You have to take that on a country by country basis.
The most screwed over nation right now is Yemen, both because of the civil strife, and their idiotically high addiction to a drug-crop that absorbs something like 40% of their water, when they’re currently in a drought.
I predict that, eventually, the two sides will split up again; the South and North will become their own entities.
Egypt is likely destined to go through a cycle of coups, much like Turkey had for much of the 20th century. It’ll take at least a generation for the up-and-coming generation to shake away the runaway MIC-regime, and build something else, but what that something else will be is hard to say.
The Muslim brotherhood is now a known quantity, and they didn’t get their power in a fair contest, but they are still popular there, and are now building relationships with other camps to antagonize the regime.
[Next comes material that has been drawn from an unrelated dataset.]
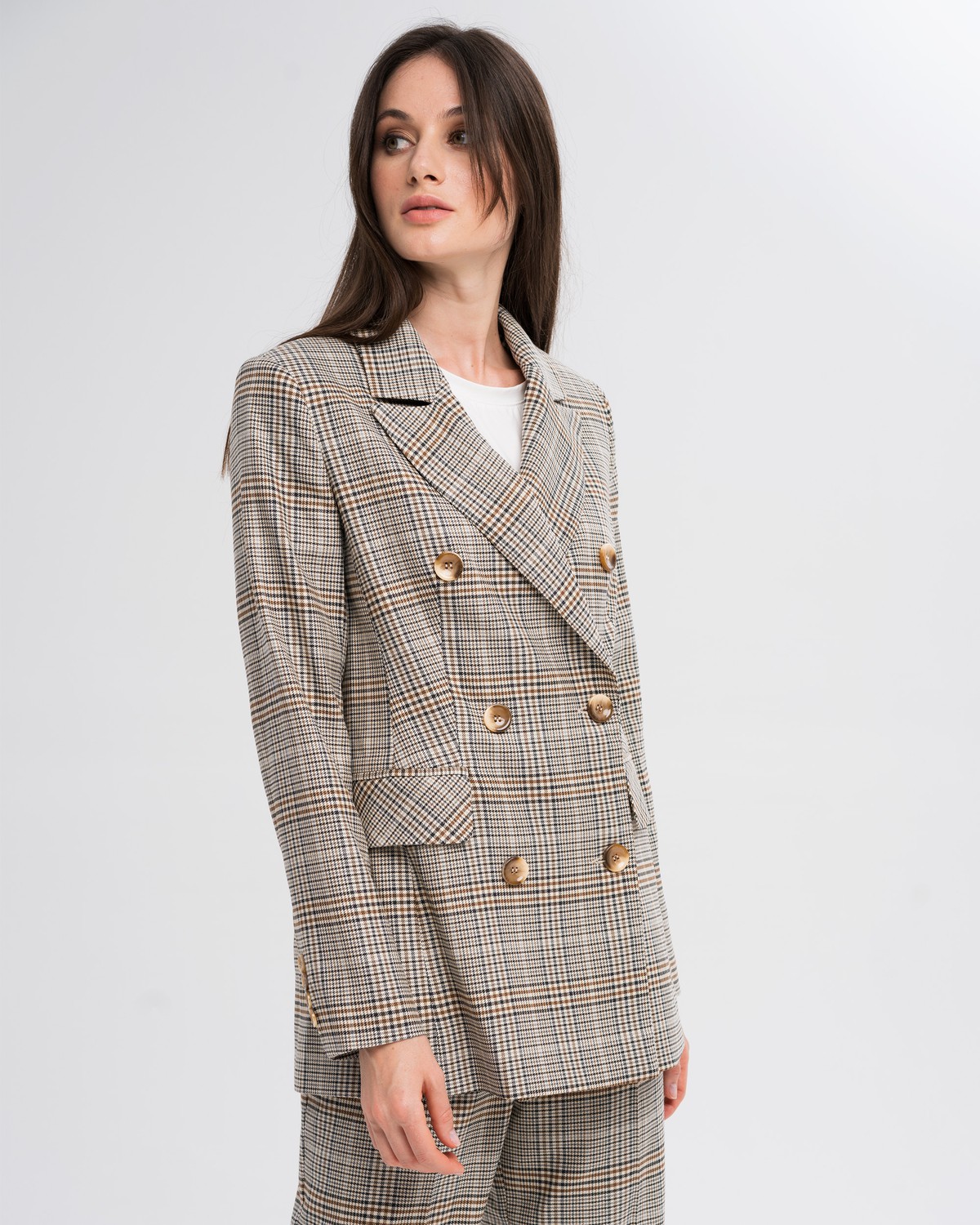 Жакет двубортный приталенный, цвет: серо-бежевая клетка Allweneed Слегка приталенный двубортный жакет из плотной мягкой вискозы послужит удачным дополнением не только к деловым нарядам, но и к повседневным образам. Незаменимый элемент базового гардероба, который легко сочетать с брюками, юбками, платьями и денимом.
На модели размер XS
Jordan will remain stable I think, as it is one of the few countries to give its people an affluent lifestyle it can maintain. Same to the UAE.
Iraq is doomed de facto, if not de jure, to be split up along sectarian lines. The post-ISIS Government either does not appear to be willing to fix the problems that drove the Sunni Tribes to supporting ISIS, or it is completely inept at doing so.
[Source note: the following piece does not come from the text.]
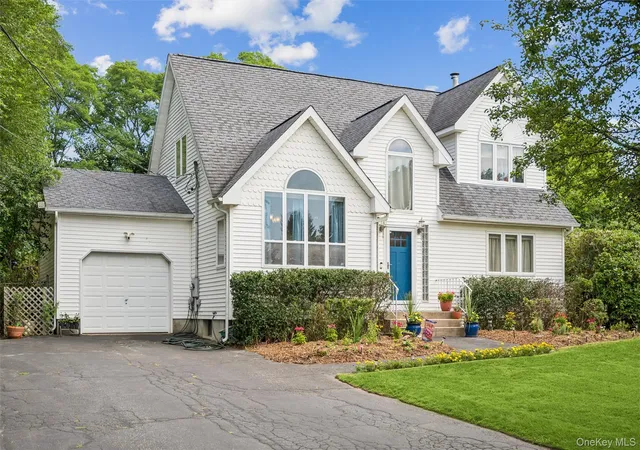 Photo 1 of Sale Pending at 7 Jarvis Ln, Brookhaven, NY 11934 | MLS# 1034267 | Listing updated on 2026-09-14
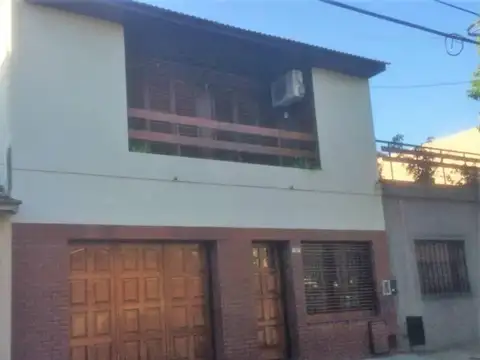 Chalet 4 ambientes en venta en Ramos Mejia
There may be skirmishes with Kurds along “traditional” lands of theirs.
Oman and Kuwait share the same problem as the Saudis, in that they need to pivot away from oil revenues to sustain themselves. Kuwait is perhaps the most screwed over in this regard, and yet it can’t act unilaterally to fix it, as its King shares power with an opaque legislature system. Coalitions will have to form to want change to occur there, but I’m not sure if that’s happening.
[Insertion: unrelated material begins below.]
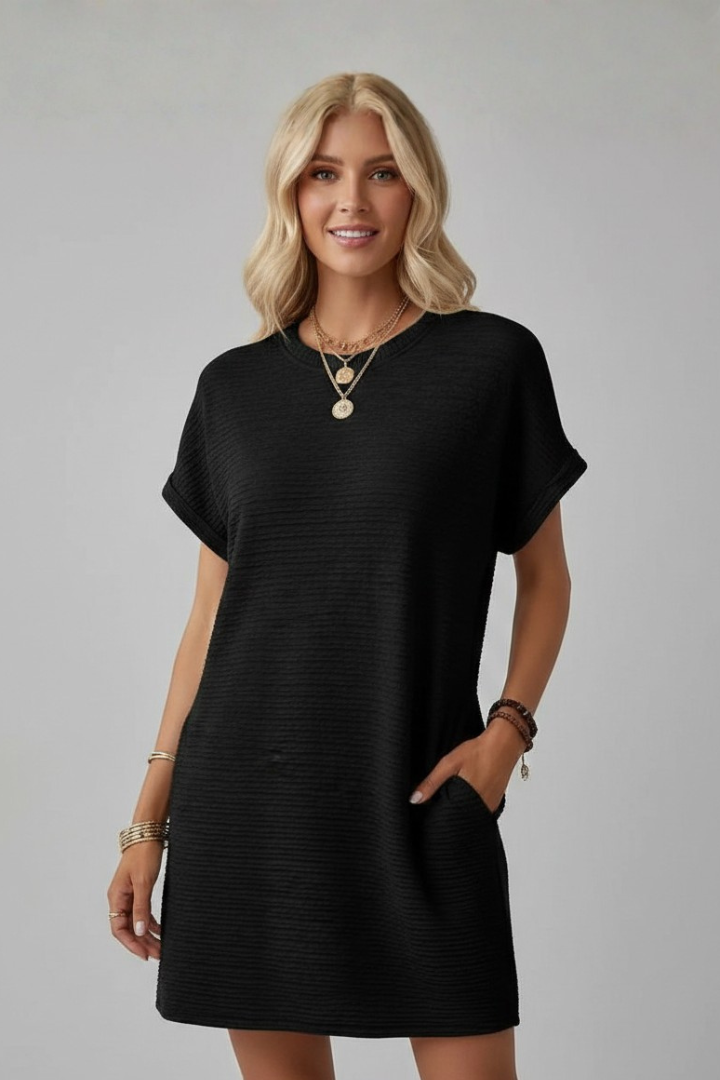 Women’s Short Dress with Round Neckline and Pockets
Socially they’re more advanced than much of the Middle East; Kuwait because it has an integrated Shia and Sunni population, Oman because something like 70% of its people follow a rare version of Islam that embraces plurality. They’re the last vestiges of a branch other Muslims think of as “evil” because they were in fact the first takfirists. How that turned to becoming a more tolerant school of thought, I have no idea.
Turkey will likely keep Qatar safe from the worst of the blowback, but over the years, I see their prosperity suffering because of their ostentatious moves to try and take over the region. They most likely won’t be poor, but they probably hit their zenith.
Bahrain might have a revolution in the next few years. It’s a Sunni minority ruling a Shia majority, and it’s a probable flash point between Iran and the rest of the region.
And then there’s Syria… God knows.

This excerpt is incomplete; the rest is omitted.